[Captioned web images]
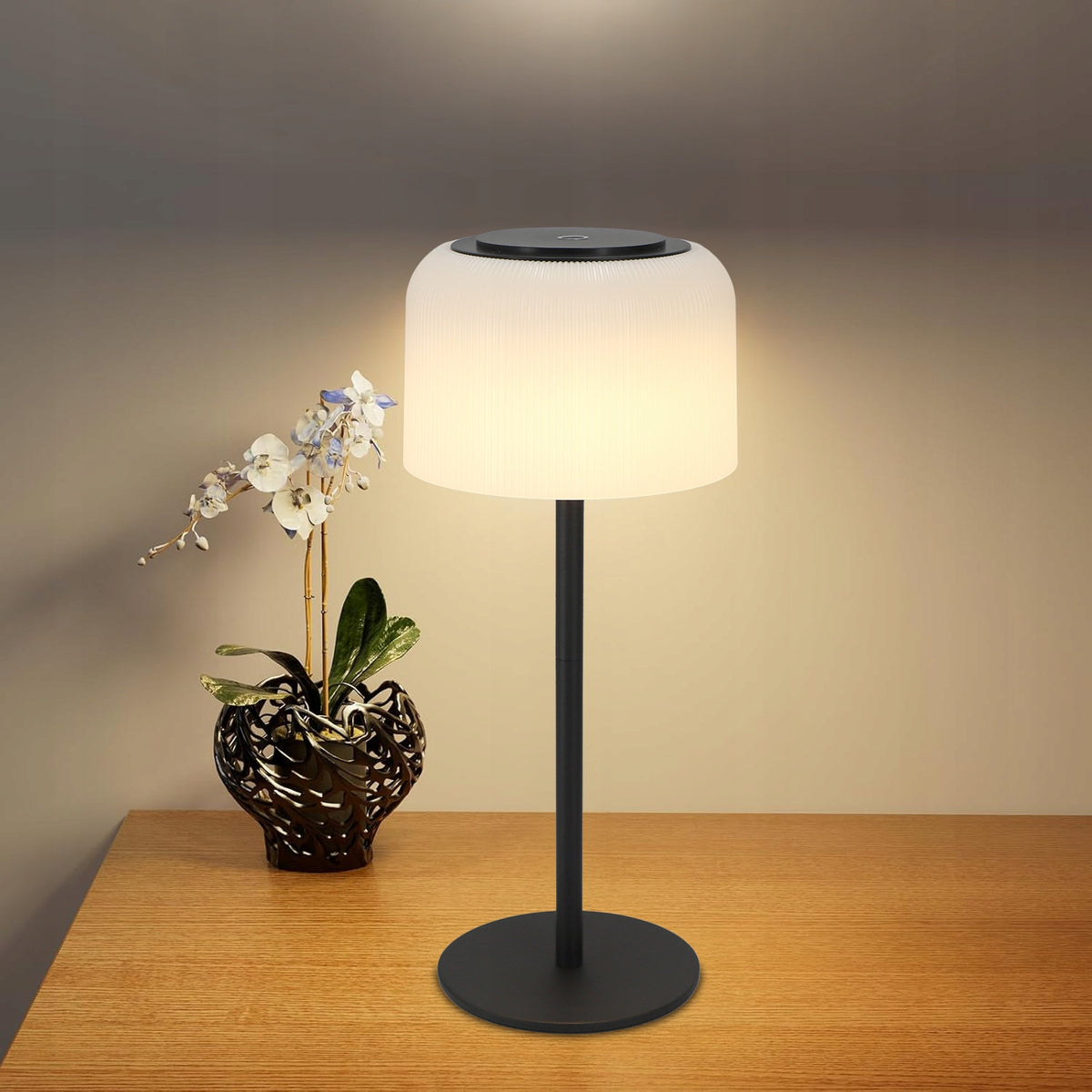 LED stolní lampa, s dotykovým ovládáním, stmívatelná, 3 režimy barvy světla
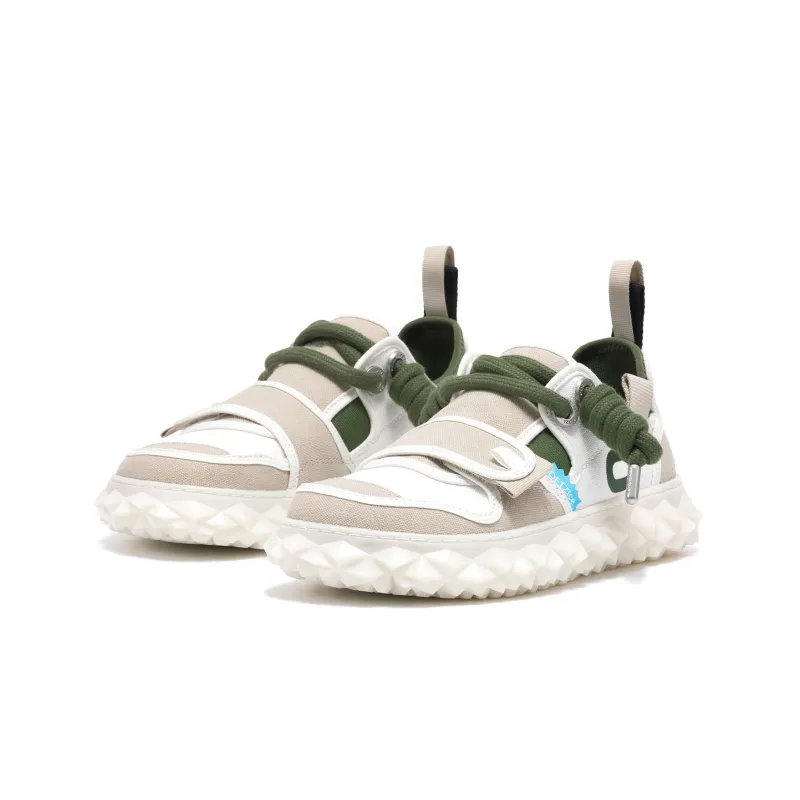 OETZI Lightweight And Breathable Low Top Casual Shoes Unisex White Gray-1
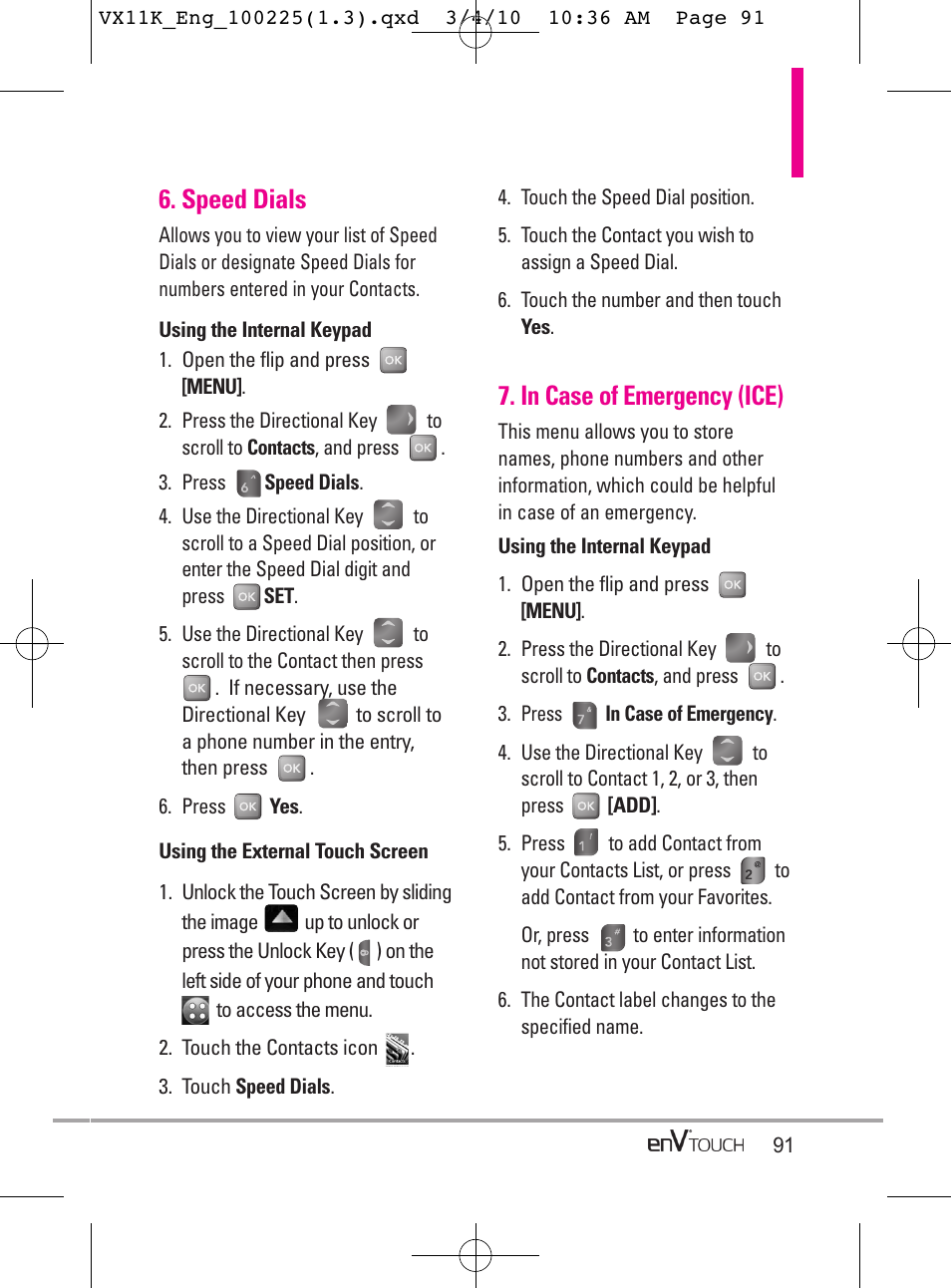 Speed dials | LG VX11000 User Manual | Page 93 / 398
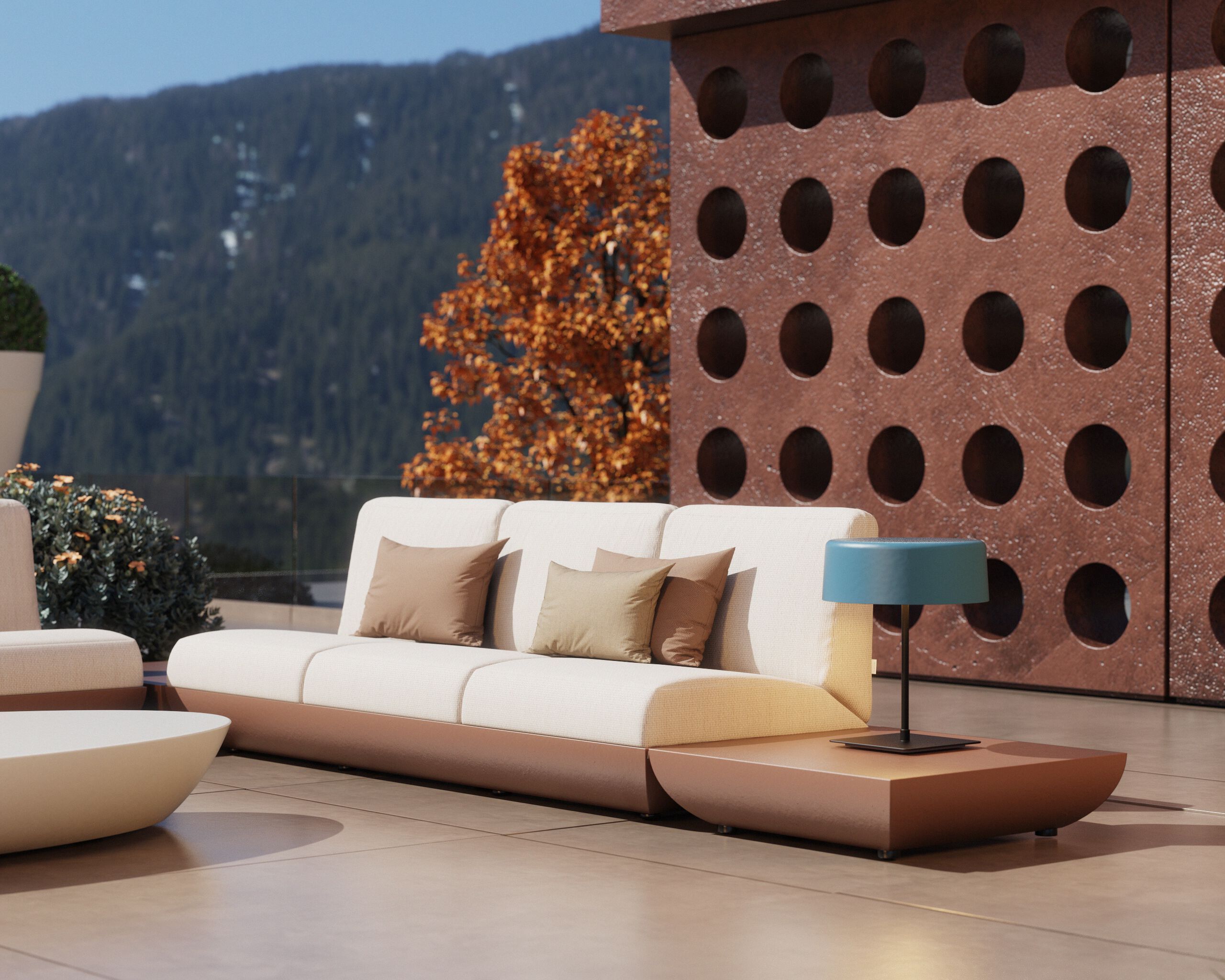 Квадратный стол из стекловолокна GANSK Виктория ARCH-00047119 - Вид №4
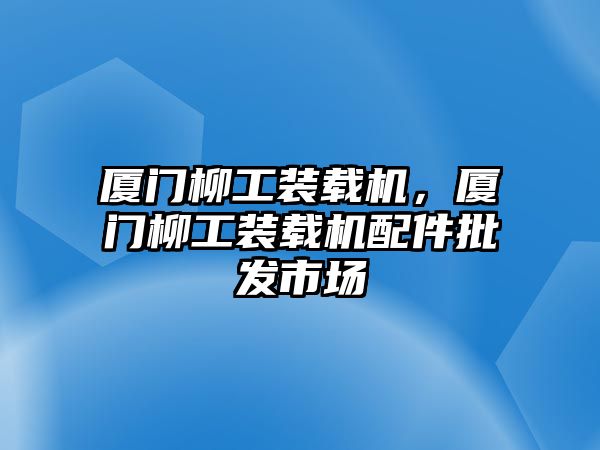 廈門柳工裝載機(jī)，廈門柳工裝載機(jī)配件批發(fā)市場(chǎng)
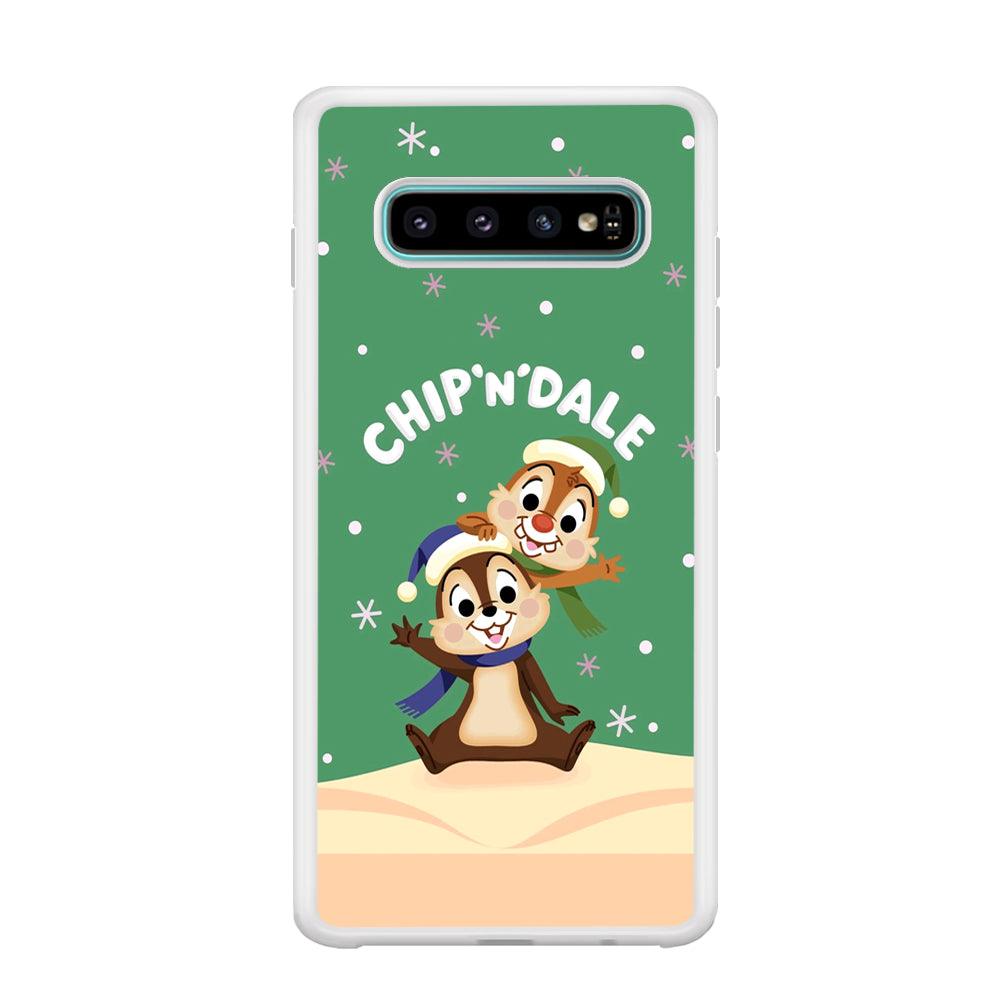 Chip N Dale Snow Night Samsung Galaxy S10 Plus Case-Oxvistore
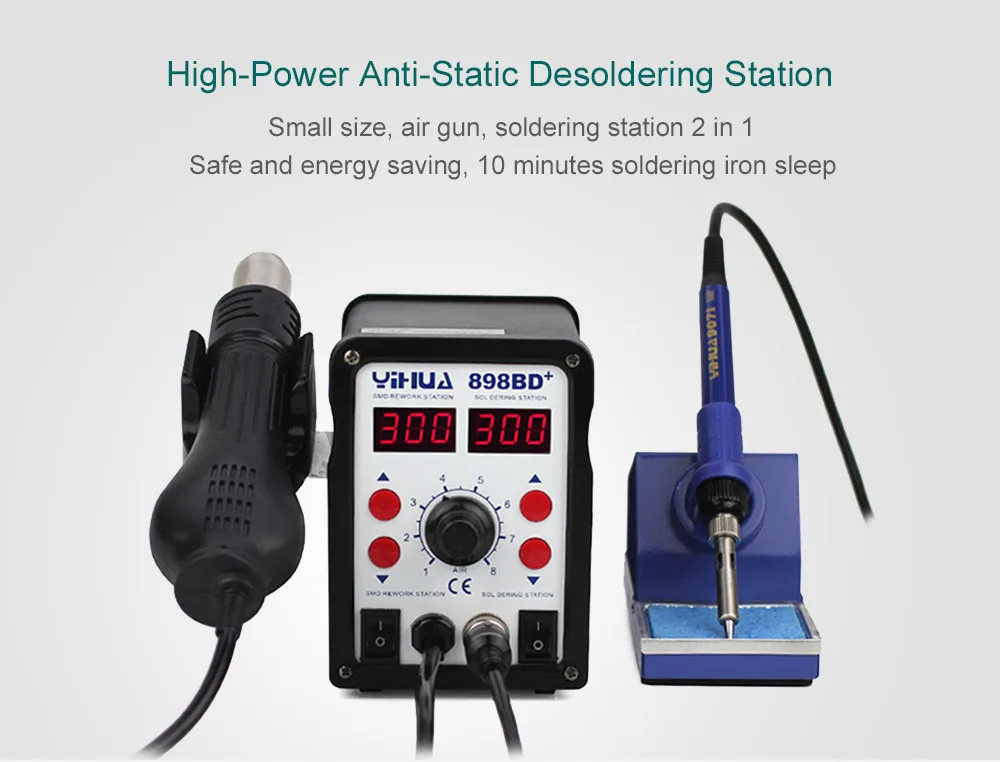 4X Soldering Hot Air Gun Nozzles For 853D 862D SMD Soldering Station Replacement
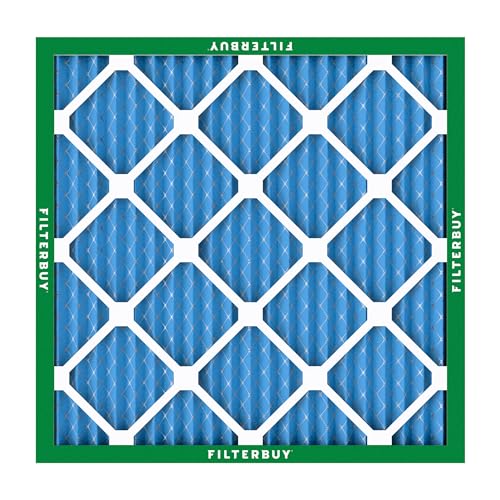 Filterbuy 23.5x23.5x1 Air Filter MERV 13 Smoke & Allergy Defense (1-Pack) - size: 23.5x23.5x1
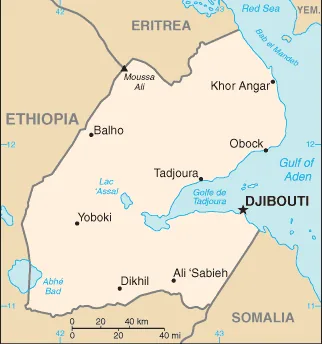 Reference map of Djibouti (CIA World Factbook)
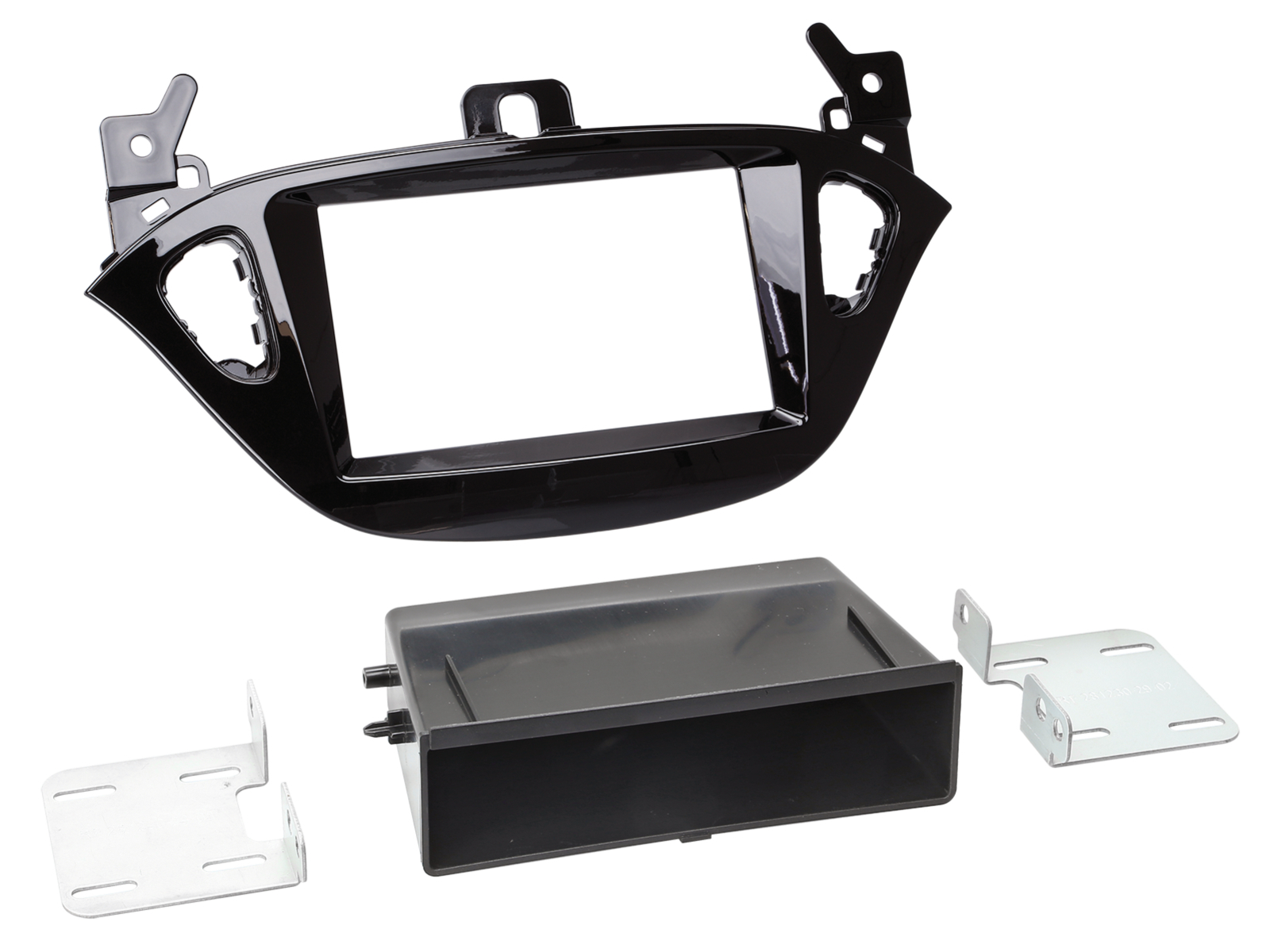 2-DIN Radioblende mit Fach Opel Adam(M-A)/Corsa E(X15)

▸ What is being asked
The preceding entries are to be written out again exactly, with the pictures removed.

▸ Written answer
 LED stolní lampa, s dotykovým ovládáním, stmívatelná, 3 režimy barvy světla
 OETZI Lightweight And Breathable Low Top Casual Shoes Unisex White Gray-1
 Speed dials | LG VX11000 User Manual | Page 93 / 398
 Квадратный стол из стекловолокна GANSK Виктория ARCH-00047119 - Вид №4
 廈門柳工裝載機(jī)，廈門柳工裝載機(jī)配件批發(fā)市場(chǎng)
 Chip N Dale Snow Night Samsung Galaxy S10 Plus Case-Oxvistore
 4X Soldering Hot Air Gun Nozzles For 853D 862D SMD Soldering Station Replacement
 Filterbuy 23.5x23.5x1 Air Filter MERV 13 Smoke & Allergy Defense (1-Pack) - size: 23.5x23.5x1
 Reference map of Djibouti (CIA World Factbook)
 2-DIN Radioblende mit Fach Opel Adam(M-A)/Corsa E(X15)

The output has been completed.